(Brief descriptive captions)
■ ■ ■

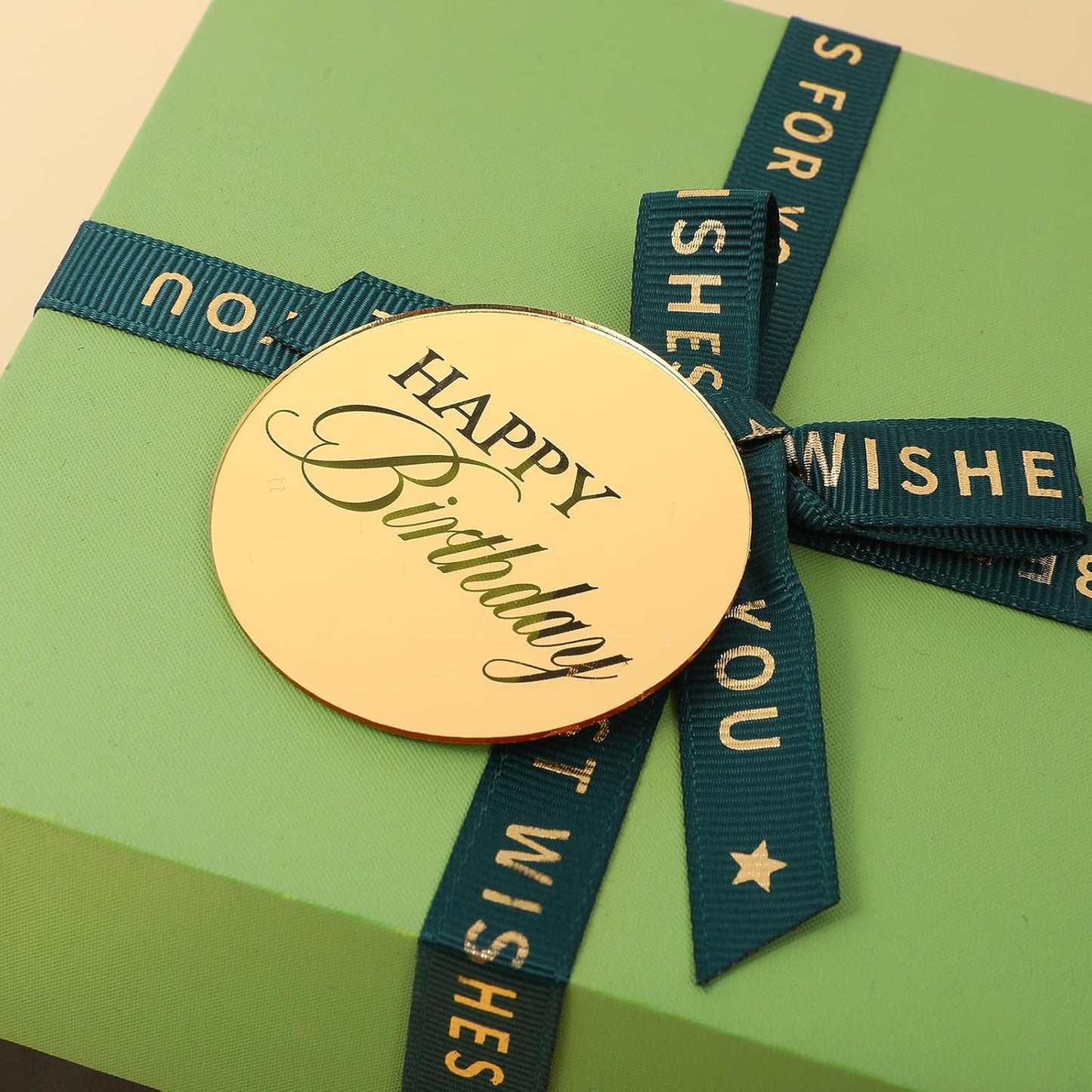 20 Pcs Acrylic Cupcake Toppers Circle Mirror Cake Toppers Disc Happy Birthday Cake Decoration Acrylic Engraved Cakes Picks Personalized Mirror Decoration for Birthday Party DIY Supplies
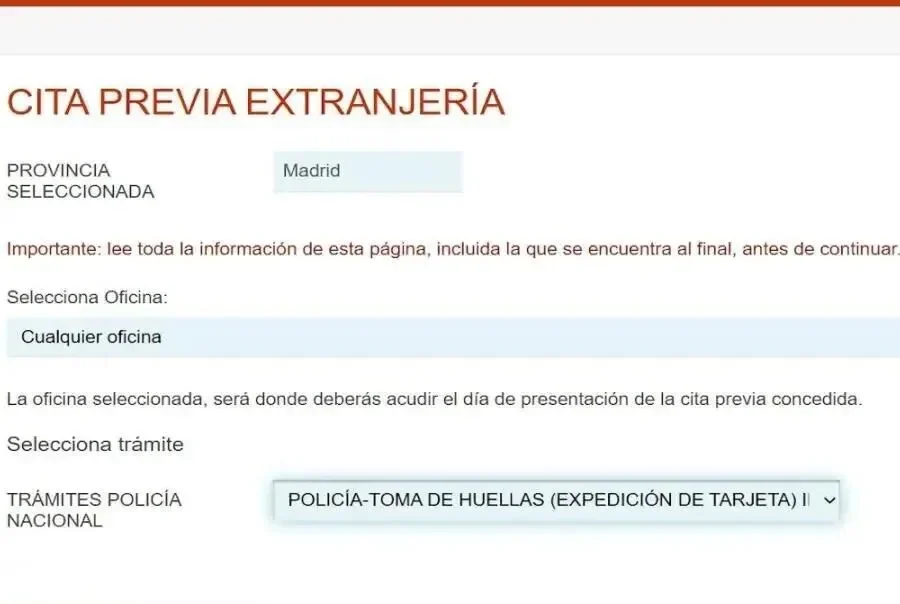 Pantalla de cita previa de extranjería
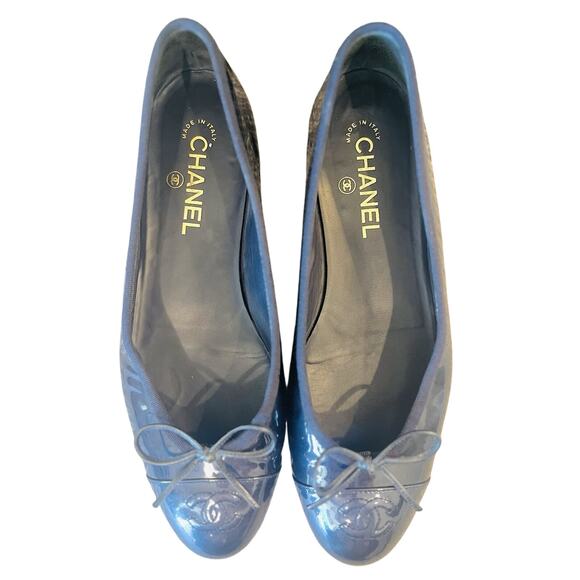 Chanel Patent Leather Blue Ballet Flats - Size 40 - 100% Authentic - Picture 2 of 16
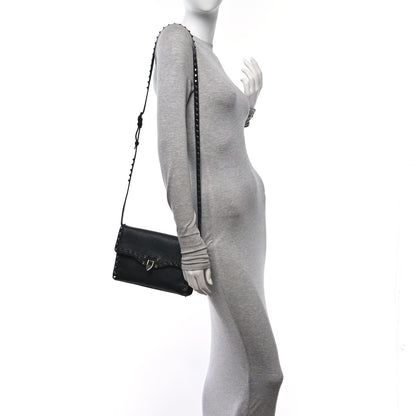 Valentino Garavani Pebbled Calfskin Monochrome Medium Rockstud Flip Lock Crossbody Bag Black 2 of 9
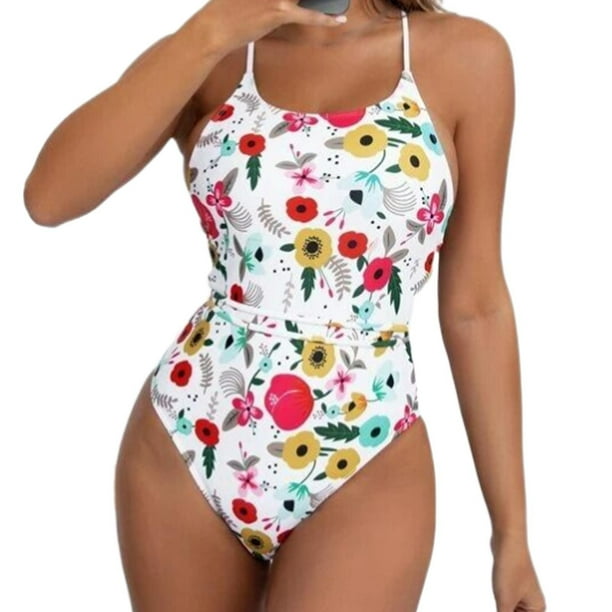 Gibobby Trajes de Baño Mujer Traje de baño delgado sexy con estampado de bikini para mujer(Blanco,CH)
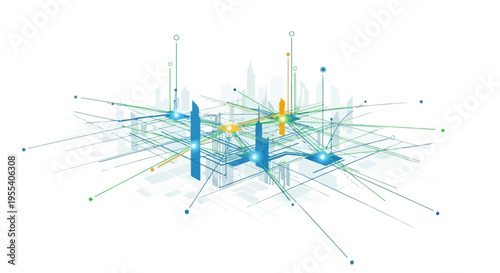 Abstract City Network Futuristic Technology Connection Digital Data Flow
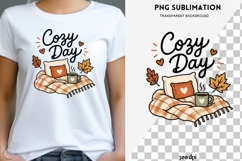 Cozy Day Fall PNG | Autumn Blanket Coffee Clipart Product Image 1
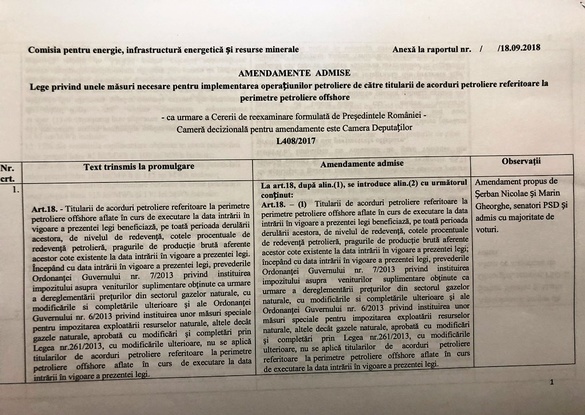 ULTIMA ORĂ DOCUMENT Schimbări de substanță în Legea offshore: nivelul de taxare va fi înghețat pe toată durata exploatărilor, petroliștii își vor putea deduce toate investițiile. Cine s-a semnat pe amendamente UPDATE Documentul a fost aprobat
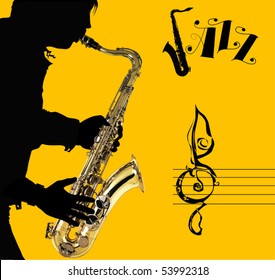 Man with saxophone on a yellow background; adult;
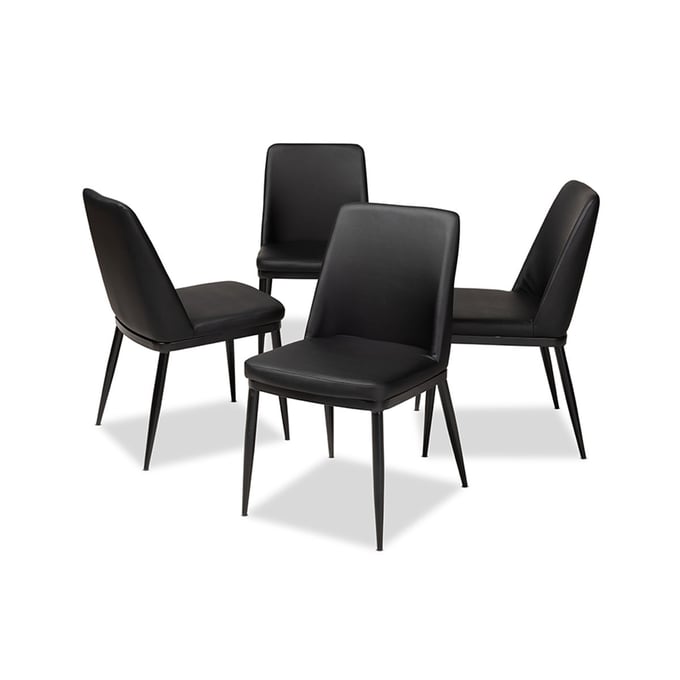 4 Baxton Studio Darcell Black Faux Leather Upholstered Dining Chairs BAX-150595-BLACK-4PC-SET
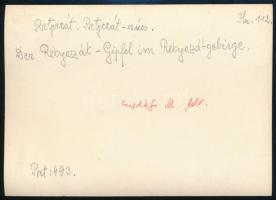 cca 1910 Retyezát, a Retyezát-csúcs, Erdélyi Mór felvétele, hátulján feliratozva, pecséttel jelzett,...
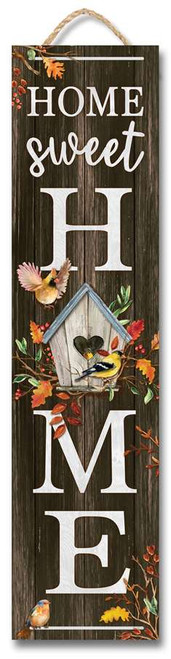 Home Sweet Home With Birdhouse And Fall Leaves - Outdoor Standing Lawn Sign 6x24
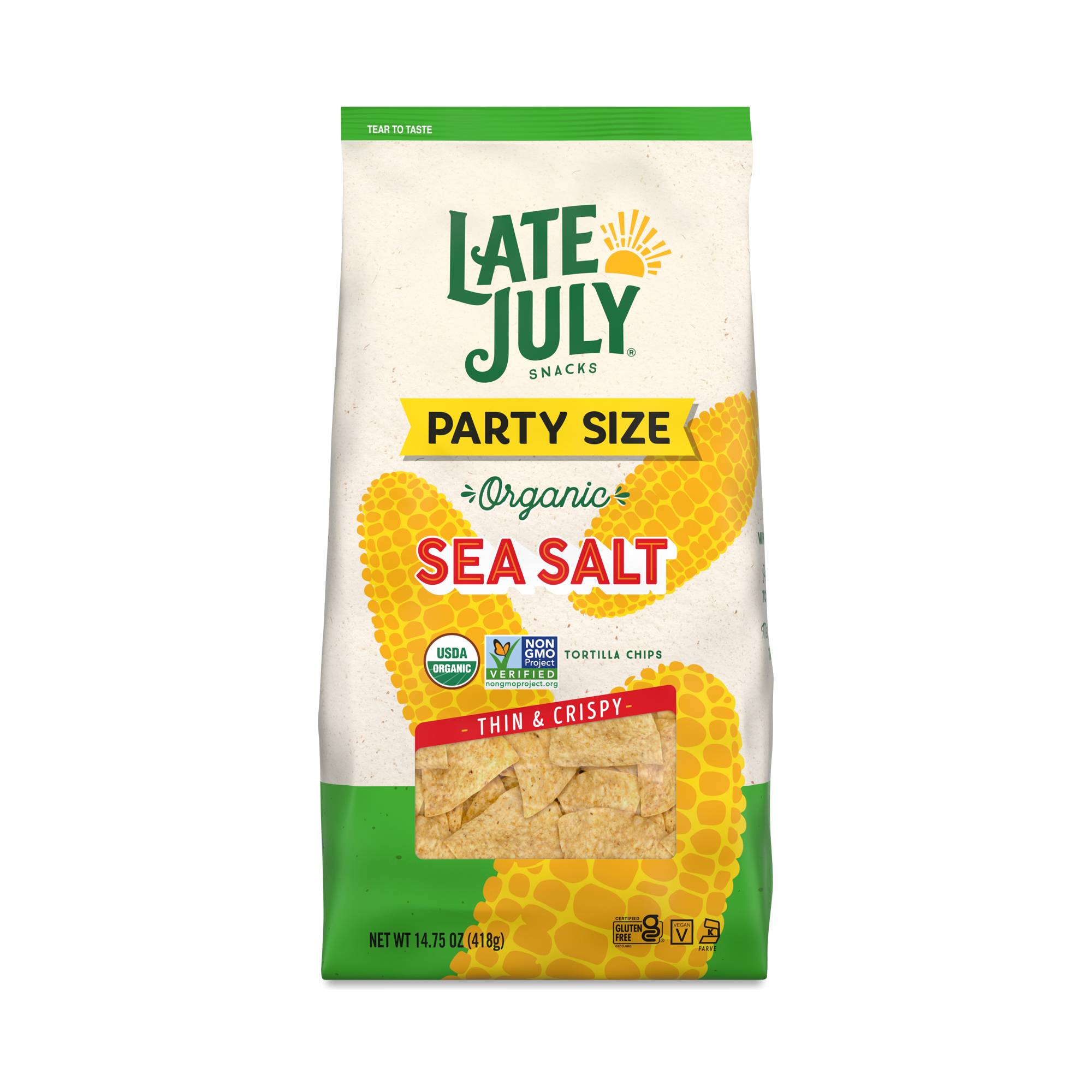 Organic Thin & Crispy Tortilla Chips, Sea Salt, Value Size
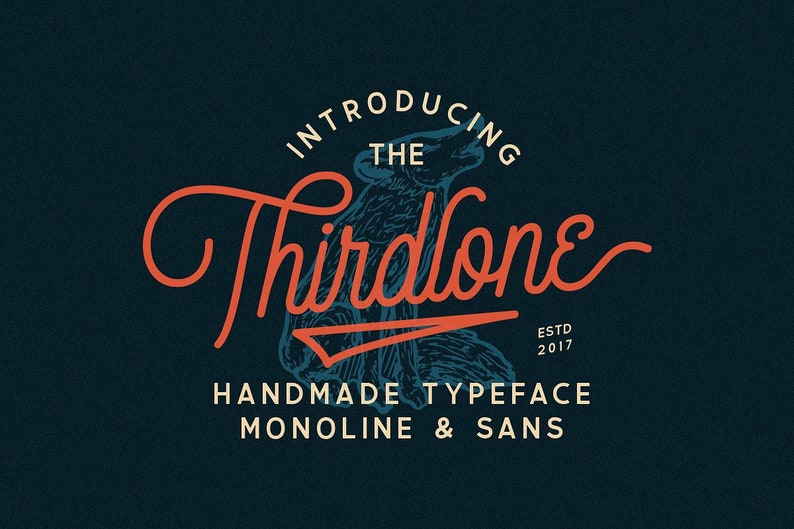 Thirdlone Font Duo, nature, wildlife, adventure, monoline, script, sans, vintage, retro, rustic, vector pack, font duo, illustration, image 1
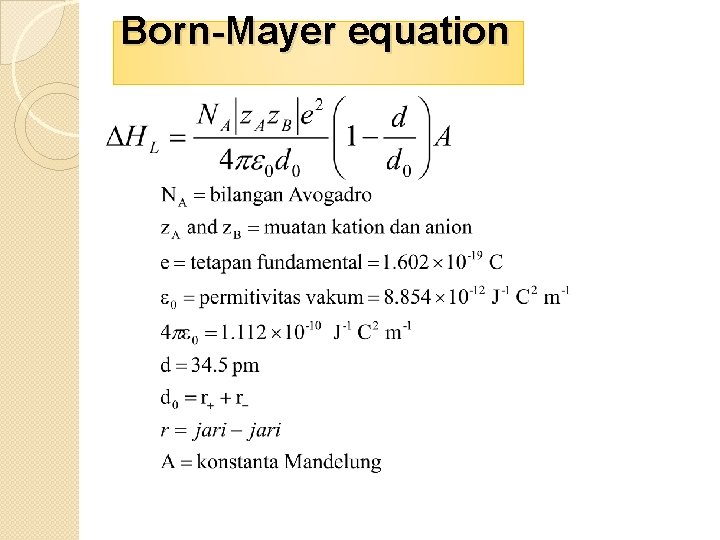 Born-Mayer equation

■ ■ ■

■ Exercise requirements ■
Without any pictures, please write out the lines from the one containing "cca 1910 Retyezát, a" through the final line of the data, exactly and inclusive of both ends.

■ Expected answer ■
 cca 1910 Retyezát, a Retyezát-csúcs, Erdélyi Mór felvétele, hátulján feliratozva, pecséttel jelzett,...
 Home Sweet Home With Birdhouse And Fall Leaves - Outdoor Standing Lawn Sign 6x24
 Organic Thin & Crispy Tortilla Chips, Sea Salt, Value Size
 Thirdlone Font Duo, nature, wildlife, adventure, monoline, script, sans, vintage, retro, rustic, vector pack, font duo, illustration, image 1
 Born-Mayer equation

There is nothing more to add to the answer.